It’s not just the brute violence of a clenched fist. One particularly insidious type of violence is the psychologically damaging impact of holding women to ransom over money. Withholding the weekly or monthly wages or even spending those monies on things like booze and smokes. When your wife and partner needs money to feed herself, to feed the children. That’s a form of violence which can cripple people emotionally and physically over the long term.
It’s important to consider how women, both in and out of relationships can achieve financial independence as a way of protecting themselves from this kind of intimidation. We’re joined now by Old Mutual’s Head of Financial Education, John Manyike. John, welcome, good to talk to you again. First, in your assessment, how bad is the problem and how does it manifest itself?

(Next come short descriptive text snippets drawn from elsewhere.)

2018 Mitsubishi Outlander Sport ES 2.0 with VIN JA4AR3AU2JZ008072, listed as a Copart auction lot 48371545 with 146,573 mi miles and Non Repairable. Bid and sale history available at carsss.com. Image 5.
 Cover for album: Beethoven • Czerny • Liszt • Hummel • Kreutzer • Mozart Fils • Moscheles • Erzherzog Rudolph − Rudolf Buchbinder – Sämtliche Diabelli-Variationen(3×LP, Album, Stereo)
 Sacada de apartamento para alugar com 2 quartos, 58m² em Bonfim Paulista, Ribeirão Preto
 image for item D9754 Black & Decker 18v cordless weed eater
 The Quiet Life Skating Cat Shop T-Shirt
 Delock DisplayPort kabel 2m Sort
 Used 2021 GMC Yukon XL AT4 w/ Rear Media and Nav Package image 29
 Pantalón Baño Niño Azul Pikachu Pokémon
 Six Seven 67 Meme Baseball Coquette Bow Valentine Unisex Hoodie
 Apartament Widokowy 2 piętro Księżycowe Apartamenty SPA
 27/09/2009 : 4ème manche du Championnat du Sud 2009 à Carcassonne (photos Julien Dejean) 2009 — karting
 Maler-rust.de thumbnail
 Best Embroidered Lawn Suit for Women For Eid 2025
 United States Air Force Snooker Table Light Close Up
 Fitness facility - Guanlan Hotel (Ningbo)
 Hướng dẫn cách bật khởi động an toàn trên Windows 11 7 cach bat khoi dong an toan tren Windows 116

John Manyike: Hi Chris. Financial independence, look, a lot of intellectuals and academics have different ways of defining. But in simple terms financial independence simply means being able to support yourself financially without being reliant on others. For me that’s a simple way of looking at the financial independence.
How does the problem manifest itself
CG: When we look at women, how bad is the problem, how does it manifest itself?
JM: We found that, I think there has been some studies as well conducted around that and it seems that women who are not financially independent tend to be more vulnerable to abusive households or abusive relationships. Where they accept that they’re not able to do anything because they’re just so dependent. I don’t mean it happens to women who are housewives or home executives as they put it.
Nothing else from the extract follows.